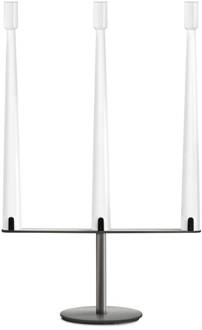 NEMO Sorrento LED tafellamp, wit, 3-lamps, USB wit, grijs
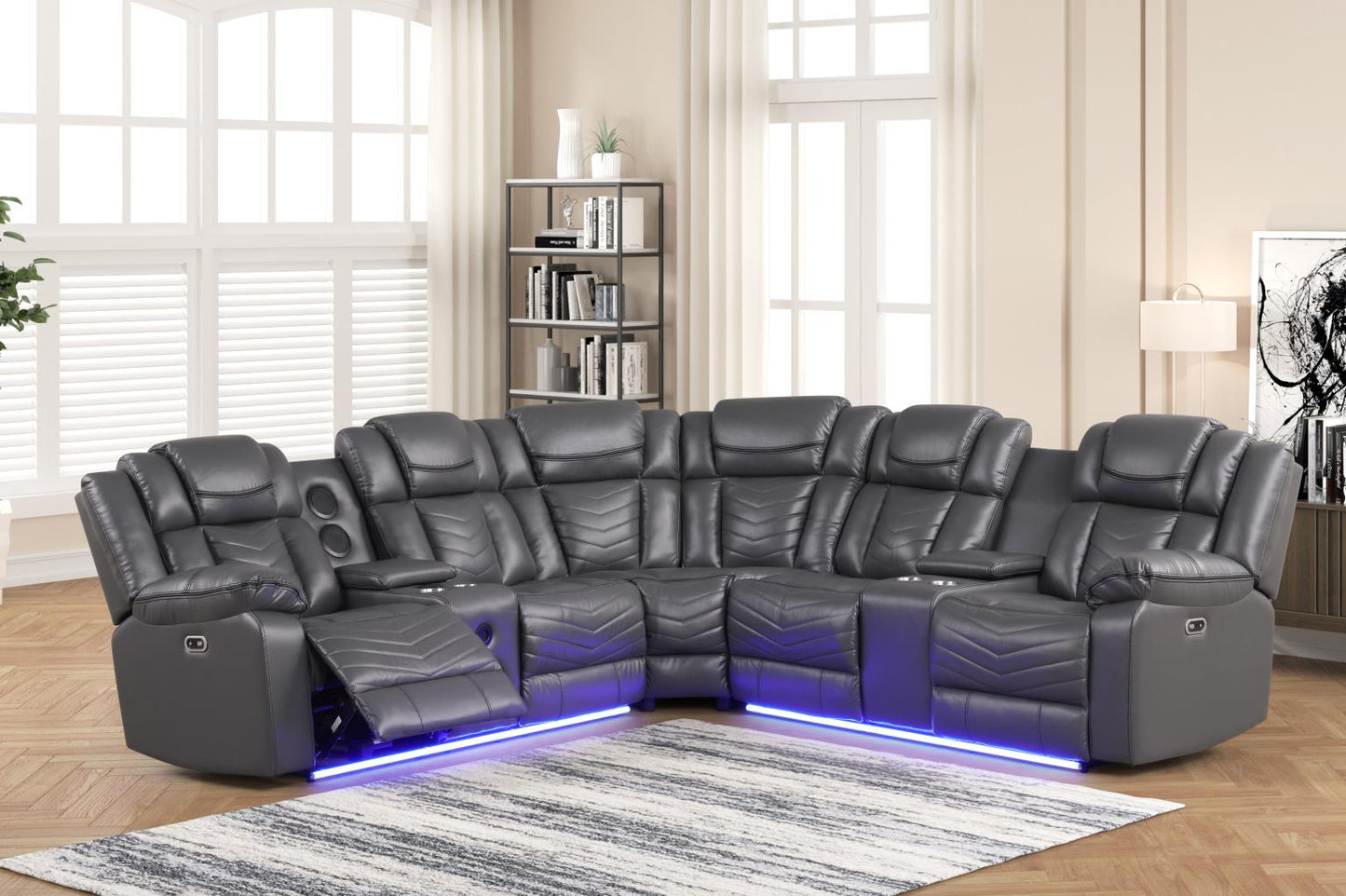 Newnan Gray Power Recliner Sectional with Bluetooth Speaker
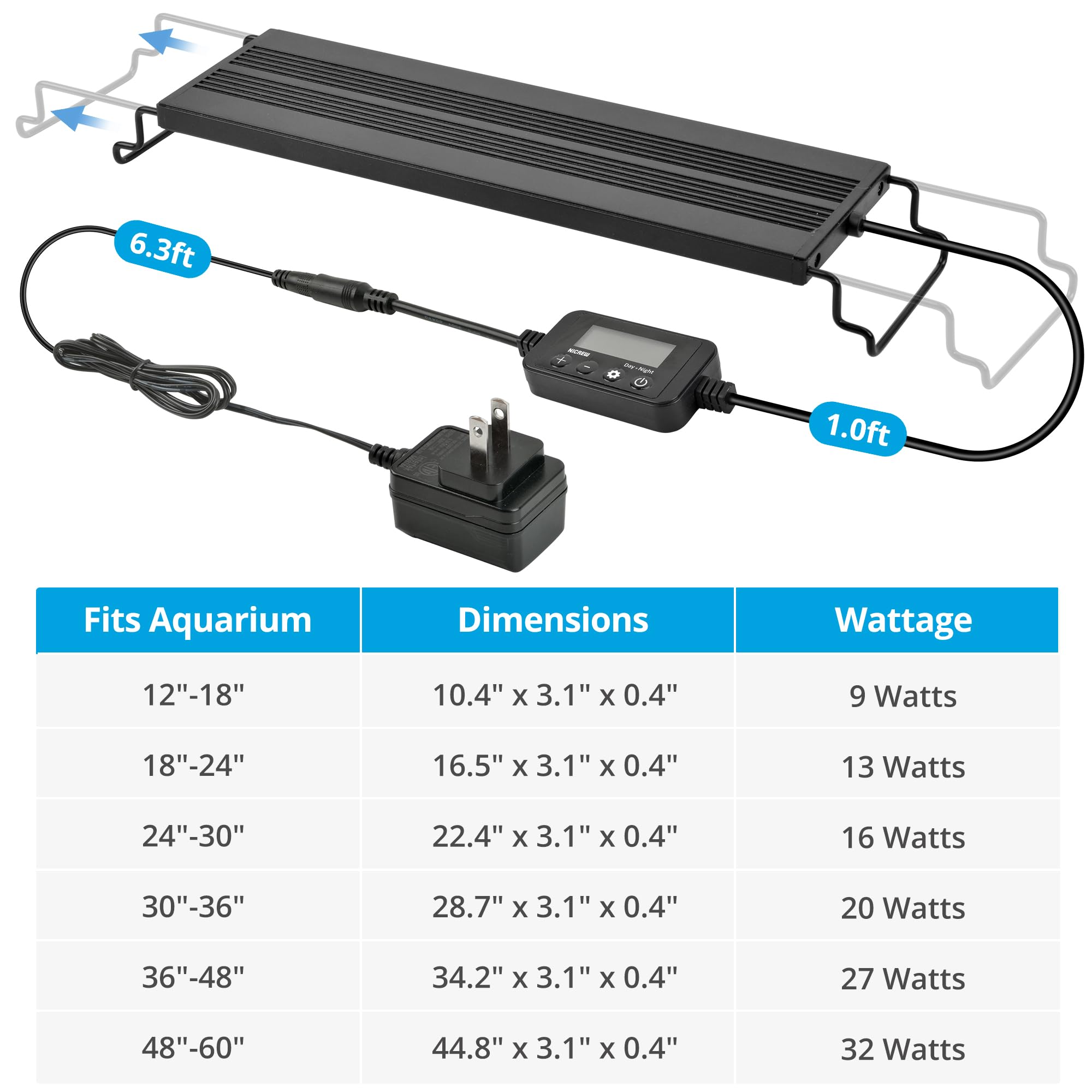 NICREW C10 in tank setup illustrating splash resistant lighting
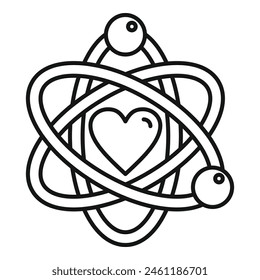 Love charity atom icon outline vector. Care support. Hope volunteer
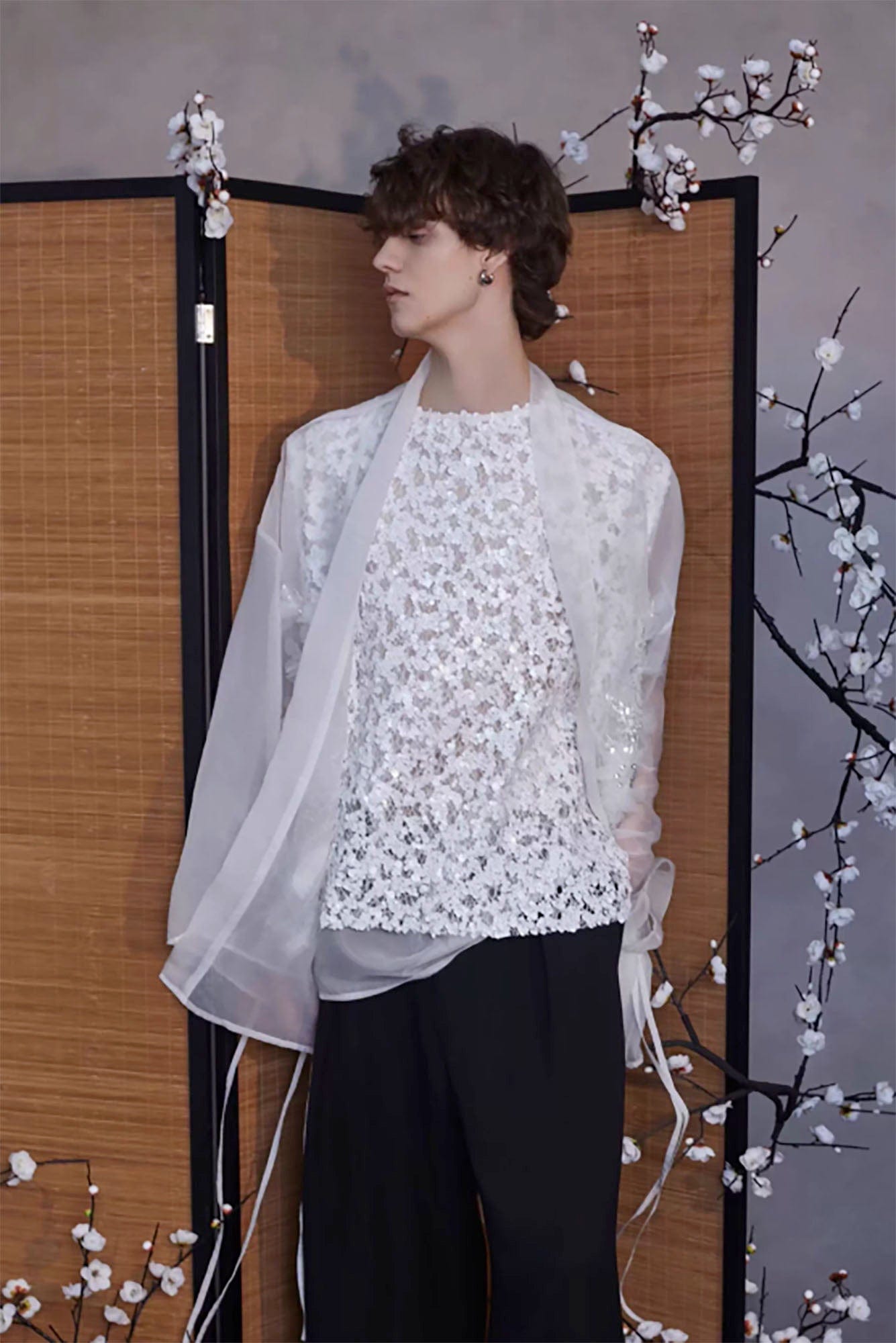 JIECHI Feathered Sequin Sheer Kimono Jacket, premium urban and streetwear designers apparel on PROJECTISR.com, JIECHI
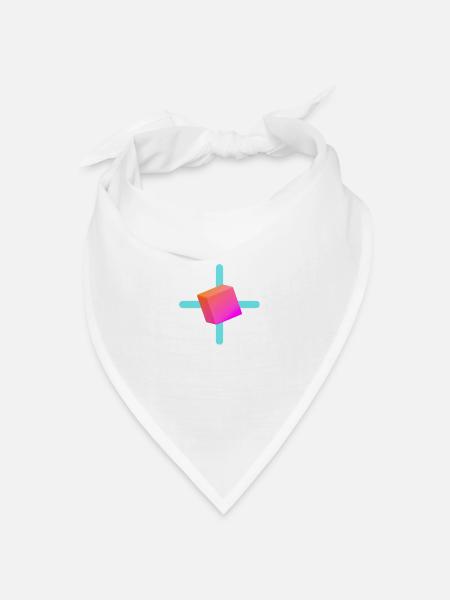 Würfelkreuz - Bandana Dreieckstuch - Weiß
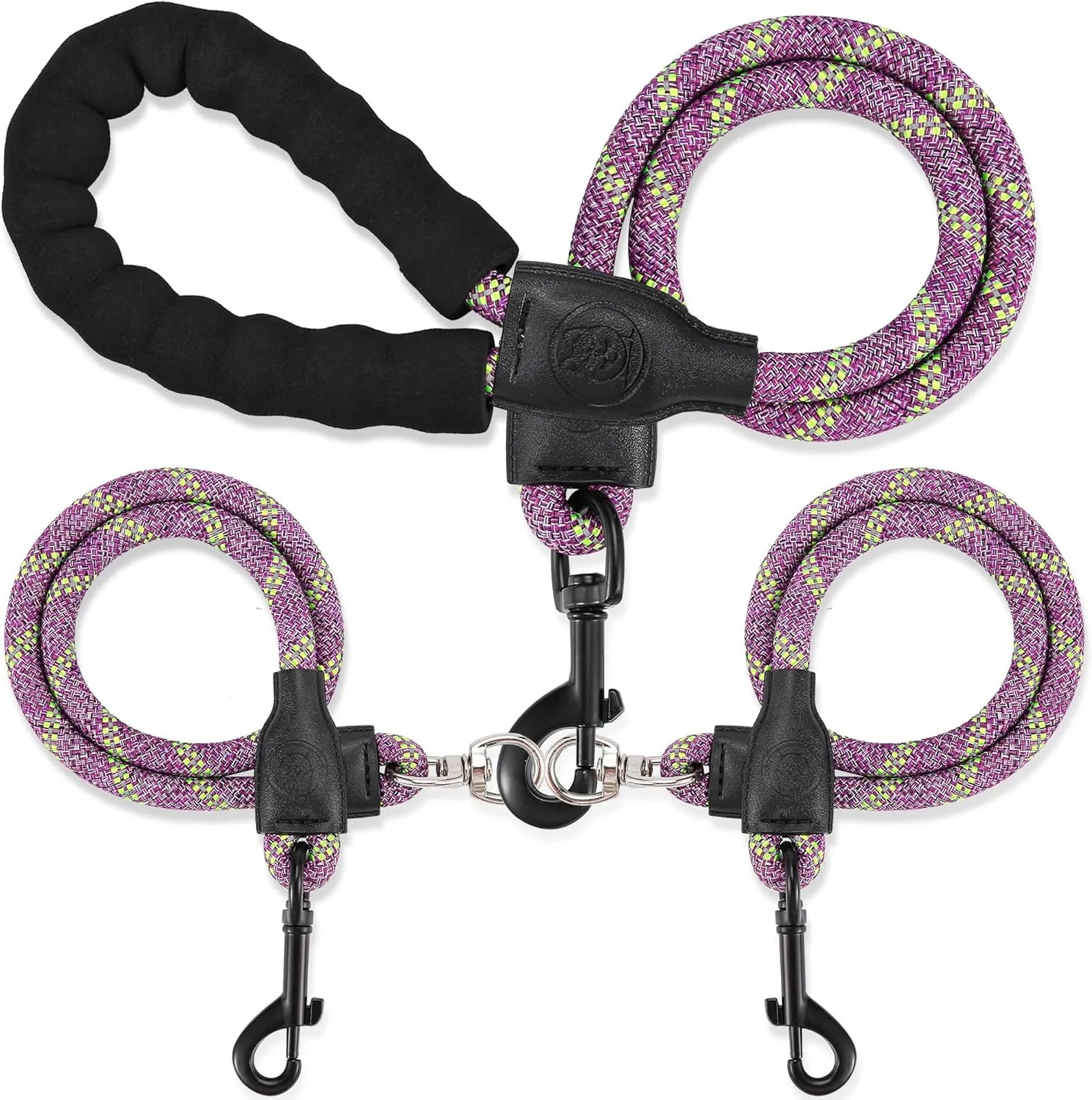 Double Dog Leash, Dual Dog Leash, 360 Swivel No Tangle Walking Training Two Dog Leash, Comfortable Shock Absorbing Climbing Reflective Leash for Small Medium and Large Dogs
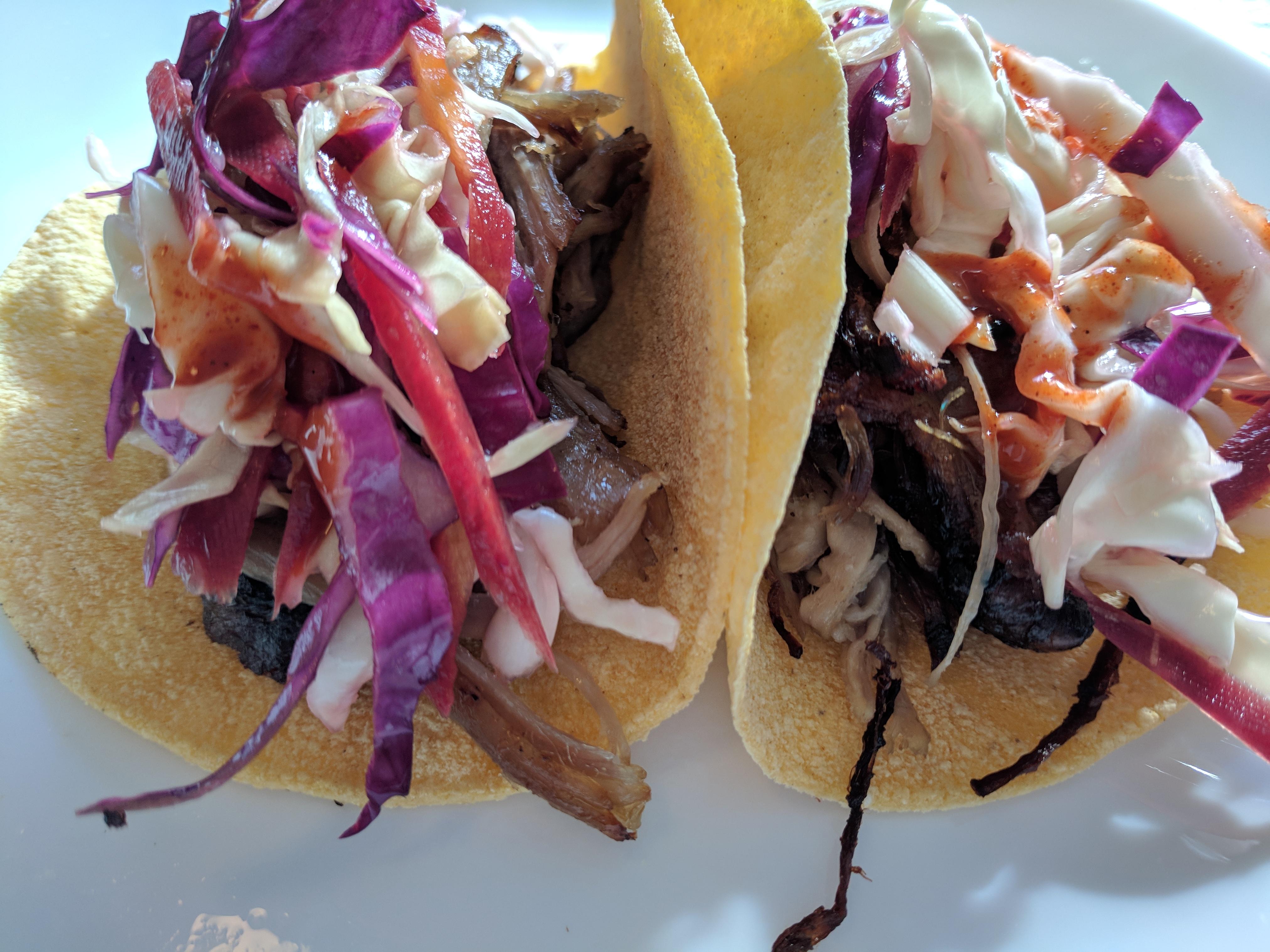 [Homemade] Carnitas tacos with slaw food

• **Work request**: Write out the lines of the entries above exactly, beginning with the first and ending with the line that contains "Love charity atom". No picture goes in.

• **Result for this task**:
 NEMO Sorrento LED tafellamp, wit, 3-lamps, USB wit, grijs
 Newnan Gray Power Recliner Sectional with Bluetooth Speaker
 NICREW C10 in tank setup illustrating splash resistant lighting
 Love charity atom icon outline vector. Care support. Hope volunteer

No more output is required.